結名の実家である「福屋旅館」に集まった湯乃鷺温泉の女将、組合員たち。 不況の時世、どうやったら温泉地を盛り上げられるかと話し合っていた。 その中には緒花、菜子、民子、そして結名の姿も。 突然女将から率直な意見をと求められた緒花たちは、 自分たちの欲望のまま答え女将たちを呆れさせてしまう。 その頃、喜翆荘では縁と経営コンサルタントの崇子が、 スイに喜翆荘を舞台にした映画の製作、そしてその映画への出資の提案をしていた。
喜翆荘の螺旋階段では、緒花と菜子に追い詰められ進退窮まった結名の姿があった。 喜翆荘を舞台にして、さらに現地の人も積極的にキャスティングすることとなった映画製作。 特撮用の機材も運び込まれ、カメラテストが行なわれていた。 それを嬉しそうに眺める縁。 喜翆荘の庭にある池が映画の為に掃除され、元のプールの姿を取り戻すと、 縁はそこに過去の幻影を見る。 一方、東京に戻った皐月からスイへ一本の電話が……。
夜、次男をおぶりながら台所で夕食を作っていると、長男と次女の「お腹空いたー」という声が響き、 居間からは小学校の教師である両親の討論が聞こえてきた。 「そういう話は学校で!」と、弟妹の面倒を見ながら両親をたしなめる菜子。 そこには家の外では見られない力強くしゃべる姿があった。 翌日、菜子はお客から見ごろの花を聞かれるも、すぐに答えられず落胆する。 家でのように振舞いたい、やっぱり今の自分を変えたと思い始めていた。
文化祭で「姫カフェ」を企画することになった緒花たちのクラス。 主に男子からの強い支持で、接客チームのリーダーは結名姫、 料理チームのリーダーは民子姫ということに決まり、 緒花は仲居の経験を活かし接客チームの講師を任される。 あまり乗り気でない民子だったが、 徹の「文化祭当日の昼間は暇だ」というひと言で俄然やる気に。 限られた調理器具で、最高の料理を作ろうとメニューをいろいろと考えるのだが……。
文化祭の「姫カフェ」のメニューについてクラスメイトと言い合いになってしまった民子。 売り言葉に買い言葉、材料の買い出しや準備を自分だけでやると言い、 準備当日も朝早くからひとりで出かけていた。 心配した緒花は集合時間より早く教室に行くと、そこには黙々と準備を進める民子の姿が。 手伝いを申し出る緒花に、民子は手伝いはいらないと声を張り上げる。 一方クラスメイトの水野さんと二人きりで準備していた菜子だったが…。

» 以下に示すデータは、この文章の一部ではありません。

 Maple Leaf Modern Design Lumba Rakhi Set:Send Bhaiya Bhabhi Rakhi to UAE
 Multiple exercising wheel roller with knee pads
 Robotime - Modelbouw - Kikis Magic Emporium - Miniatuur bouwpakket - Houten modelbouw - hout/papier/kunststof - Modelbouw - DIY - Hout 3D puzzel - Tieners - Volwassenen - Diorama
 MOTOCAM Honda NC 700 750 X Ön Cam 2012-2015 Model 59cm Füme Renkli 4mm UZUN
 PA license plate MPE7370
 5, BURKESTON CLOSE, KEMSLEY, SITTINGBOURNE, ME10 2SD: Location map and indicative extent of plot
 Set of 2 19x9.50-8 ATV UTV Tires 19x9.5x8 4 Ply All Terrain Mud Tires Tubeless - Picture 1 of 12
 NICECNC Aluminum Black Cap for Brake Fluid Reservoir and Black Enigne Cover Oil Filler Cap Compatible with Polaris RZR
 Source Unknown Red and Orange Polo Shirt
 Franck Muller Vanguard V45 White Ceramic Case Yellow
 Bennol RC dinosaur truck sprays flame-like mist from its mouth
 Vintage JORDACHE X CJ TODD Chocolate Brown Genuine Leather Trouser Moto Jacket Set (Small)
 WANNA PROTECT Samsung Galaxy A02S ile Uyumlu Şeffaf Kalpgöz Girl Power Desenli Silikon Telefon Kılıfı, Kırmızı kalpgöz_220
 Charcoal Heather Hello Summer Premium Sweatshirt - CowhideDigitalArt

縁と崇子から突然の結婚宣言を聞かされる喜翆荘の面々。 お金がなく結婚式があげられなくても、ふたりの力で旅館を盛り返すと息巻く縁だったが、 スイから喜翆荘の番頭としての体面を保つため、必ず式は挙げること、と条件を出される。 結婚費用の高さに頭を抱える縁、そしてそれを見つめる緒花たち……。 だが豆じいのひと言から、皆が手伝い喜翆荘で結婚式を挙げることに! 緒花や初めて宴会料理を仕切ることになった徹は俄然やる気を出す。
緒花、菜子、そして結名は手作りのウェディングドレスを、 蓮二から初めて宴会料理を任された徹は当日のメニュー作りに、 そして次郎丸はオリジナルの寸劇の準備にと、 それぞれが縁と崇子の結婚式準備を進めていた。 そんな中、あることから一方的に民子に嫌われてしまった緒花は、 何とか話し合おうとするのだが取り付く島も無い……。 どうすることも出来ない緒花だったが、母・皐月との電話の中で聞かされた言葉をきっかけに、 あることを決意する。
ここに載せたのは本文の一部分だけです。